June 18, 2005

"WHAT'S BEST FOR ME" (via Robert Schwartz):

School official’s son may transfer: Columbus board president braces for political fallout if teen goes to private school (Bill Bush, June 17, 2005, THE COLUMBUS DISPATCH)

Stephanie Hightower could be pulling her son out of the Columbus school district to send him to a private school, the school-board president confirmed yesterday. [...]

"I have to start thinking about what’s best for me," she said. Though she has been rumored to be a potential candidate for Columbus mayor, she said she has no current plans to seek any other office. Walter Cates, an East Side political activist and a 1960 graduate of East High, said he understands that Hightower is trying to prepare her son for his future, but "clearly it’s an indictment" of the district’s high schools.

"I know damn well it doesn’t look good from a political standpoint, it doesn’t look good from a community standpoint," Cates said.

If Hightower’s son goes to a private school, the move would follow a pattern of parents rejecting the district when it comes time for their children to go to high school, according to a recent study.

Only 7 percent of potential eighth-graders leave Columbus schools for charter schools, but that number jumps to 18 percent by the 10 th grade, said Mark Real, president of KidsOhio, a children’s advocacy group. Numbers weren’t available to show how many students leave Columbus for private schools.

"To me, the lesson . . . is there needs to be better choices inside Columbus schools," Real said.


Pull the kid and run for mayor on a platform of universal vouchers.

Columbus spends $6631 per pupil annually, which is substantially more than a superior parochial school education would cost.

Posted by orrinj at June 18, 2005 8:16 AM
Comments

Things would change pretty quickly if our leaders had to put their money where their mouths are.

I don't have the figures in my head, but I recently read that a large percentage of public school teachers and administrators send their own kids to schools not in the iron grip of the teachers unions.
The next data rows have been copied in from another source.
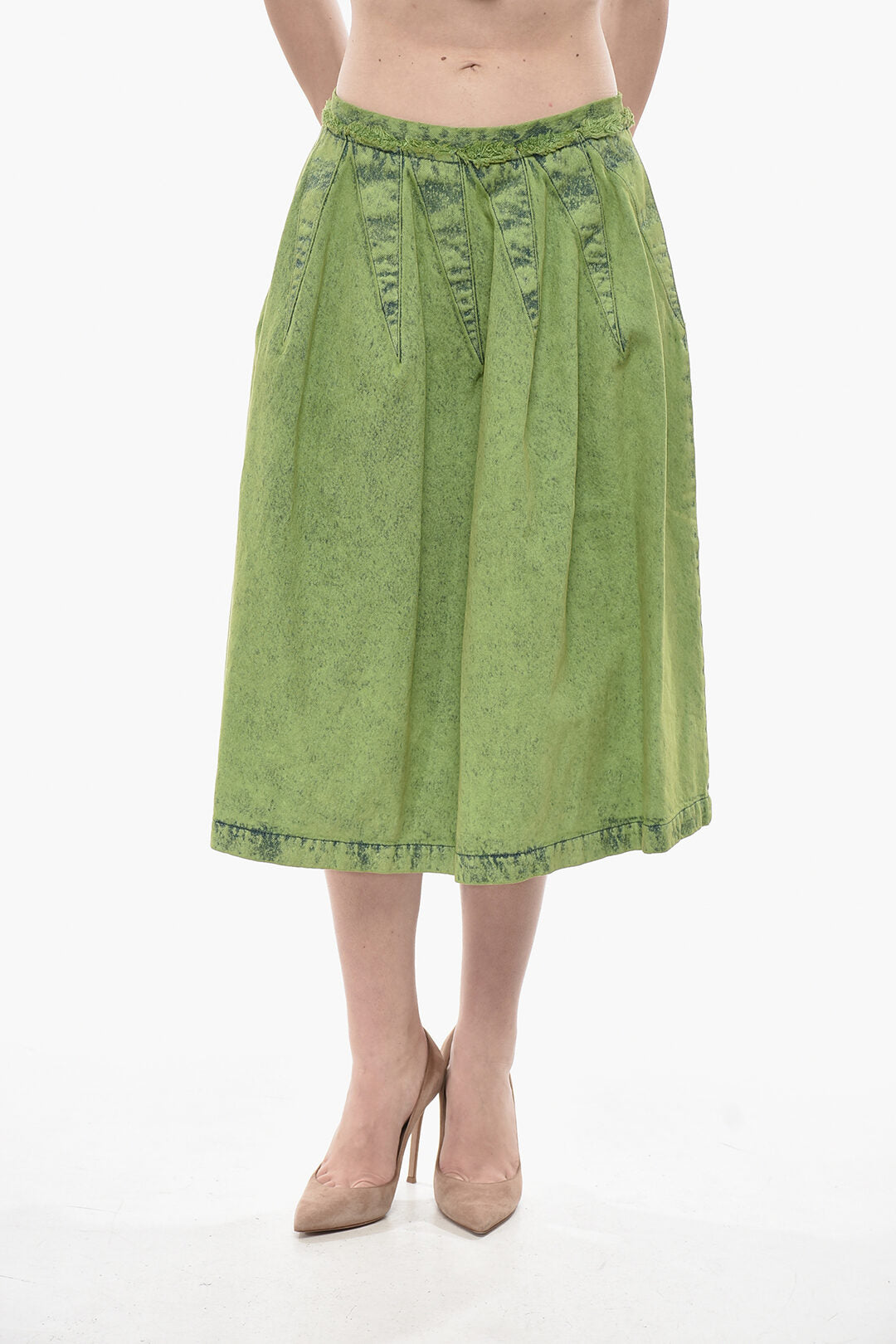 Marni 2850~Flared Midi Denim Skirt with Back Zip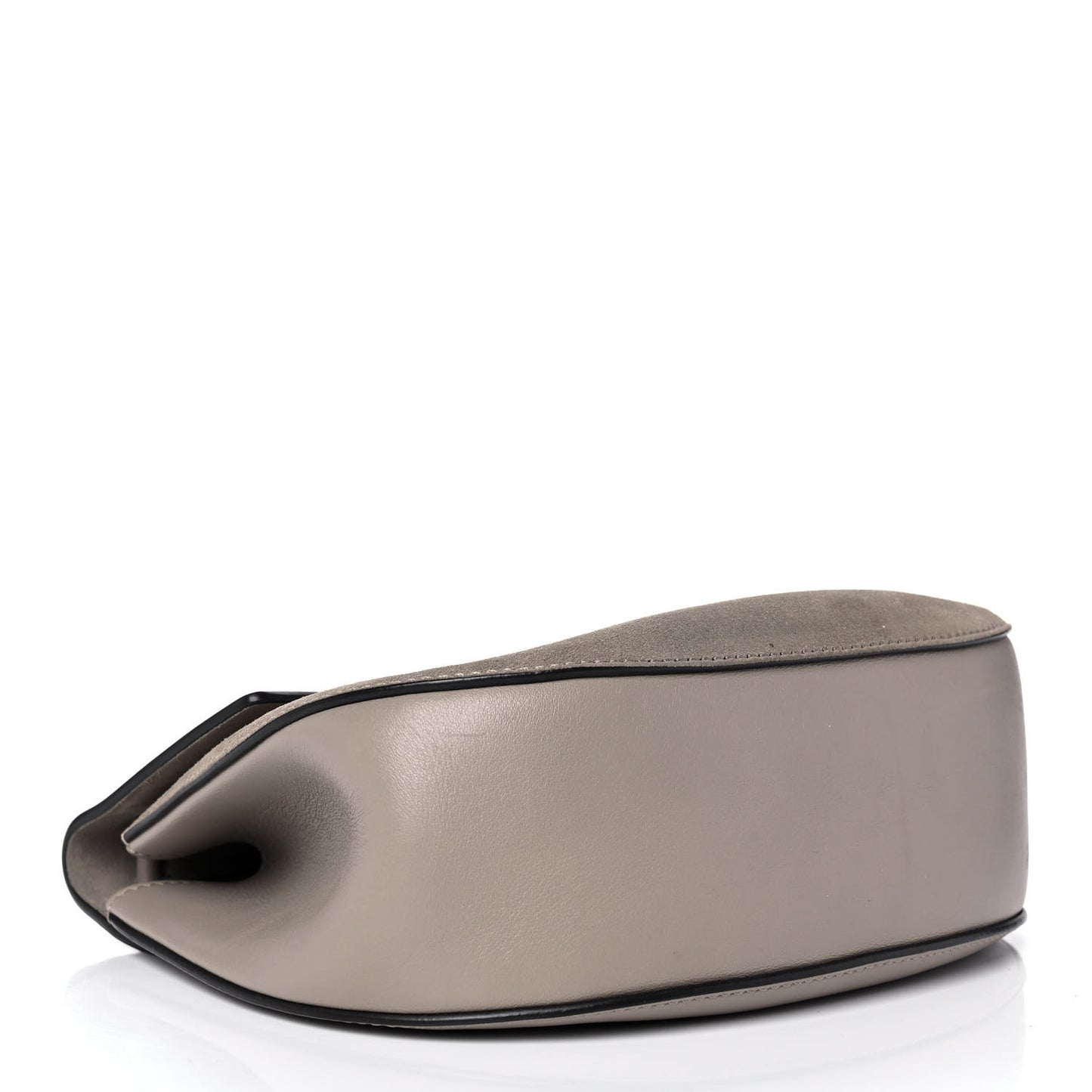 Suede Smooth Calfskin Drew Shoulder Bag Motty Grey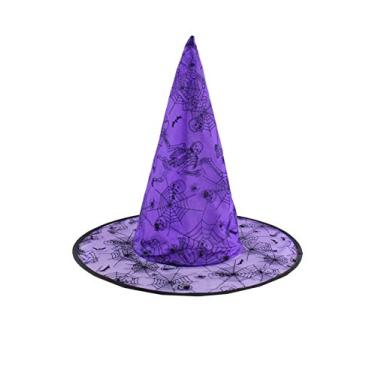 Imagem de Chapéu de bruxa infantil Bestgift chapéu de bruxo fantasia de Halloween chapéu de festa roxo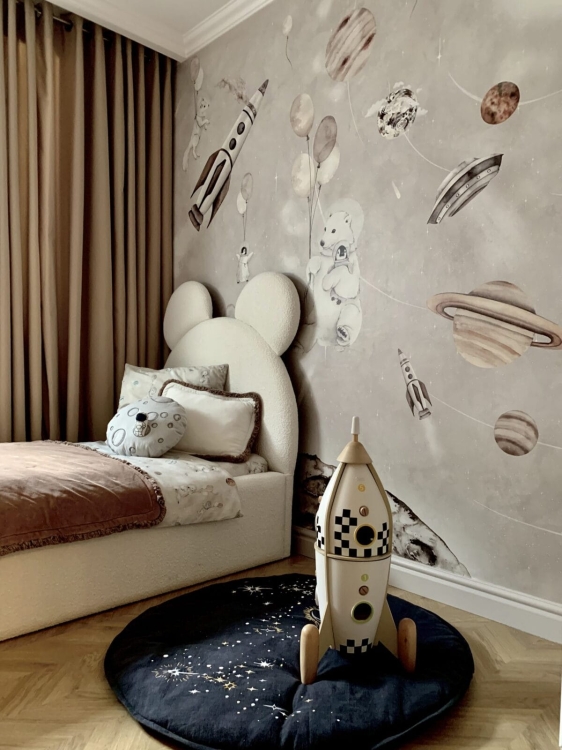 tapeta polarny kosmos, tapeta galaktyczna z planetami, mural kosmiczny dla dzieci, tapeta wszechświat, tapeta kosmos dla chłopca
Posted by: erp at June 18, 2005 8:26 AM

erp is correct, of course. In our city it is unheard of for school people to suffer their own children to do time in mainstream public schools.

BTW, that $6631 figure looks way too low. Public schools quite often flim-flam their per-pupil costs by declaring only the cost of running the classroom, omitting their bloated administrative overhead, and even the "capital expenditures" entailed in keeping a roof over the classroom. The real figure might be double that. Ecrasez l'infame.

Posted by: Lou Gots at June 18, 2005 9:21 AM

OJ,

Even in Jacksonville Florida, a decent private school like Bolles costs $14500.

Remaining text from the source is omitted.